While I do love resisting the fascist OSHA totalitarian Nazis, a trigger lock on a saw is how you feed the hungry saw your dick ticklers.

[–] Skyrmir@lemmy.world 1 points 5 months ago (1 children)

Yeah, but if I'm going to live without a table saw, I'm going to want to do some creative fixturing once in a while. Fortunately for what I have in mind, fingers will be kept clear. Bigger issue will be avoiding kick back and flying off cuts. I inserted some oak into a cement board wall the last time. I've upgraded to a concrete wall now, so much less of a problem.

[–] BlackVenom@lemmy.world 1 points 2 hours ago (1 children)

Hope you're not talking about using a circular saw upside down as if it were a table saw. I'd do some stupid stuff but that I wouldn't. If you live in the US or CA you can get a used table saw under 100 if you watch... Even the worst saw on the market is better and safer than using a circular saw like that.

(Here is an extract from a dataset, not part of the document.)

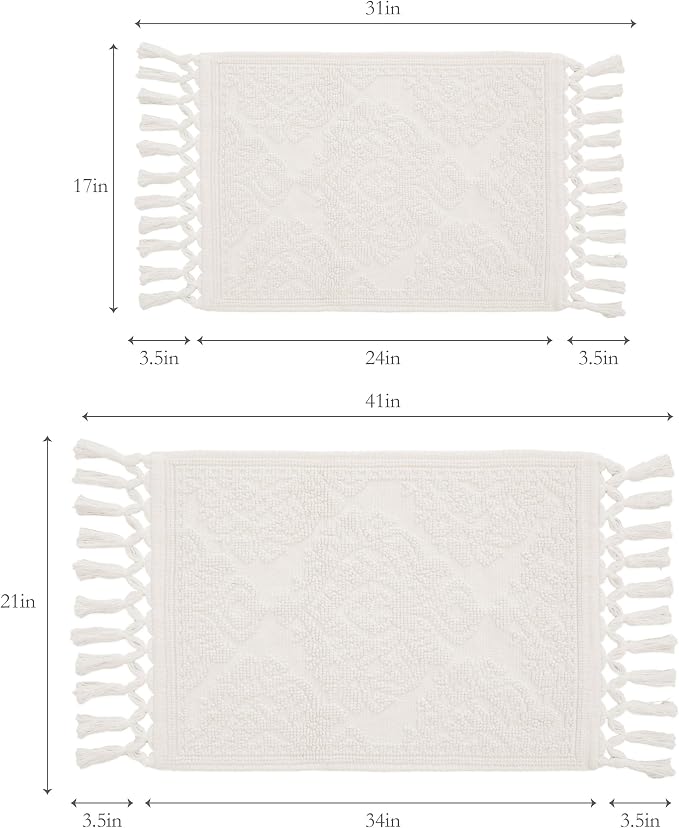 Jean Pierre – Ricardo Bath Mats, Set of 2 Woven Fringe Bathroom Rugs, 100% Cotton, Premium Bathroom Decor - Measures 17" x 31" and 21” x 41”- Ivory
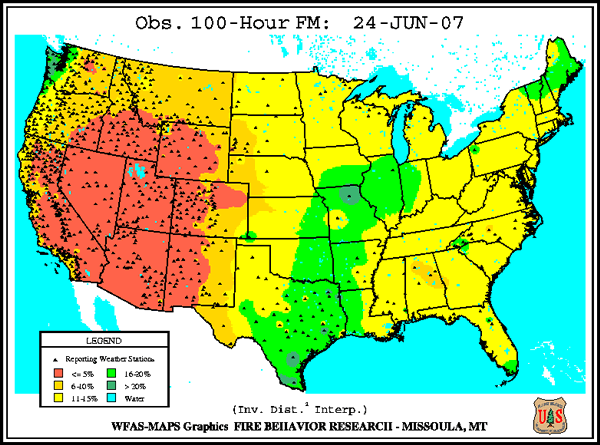 WFAS observed 100-hr fuel moisture chart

[–] Skyrmir@lemmy.world 1 points 1 hour ago

Oh I can easily afford a table saw, I just don't have the space for one. Especially for a tool that I'll only rarely use. I ended up going with a Makita framing saw. It's maybe heavier than I needed, but it's easy to mount into a jig if I need to. So far I haven't needed any accurate rips I couldn't do freehand anyway, but the option is there if it comes up.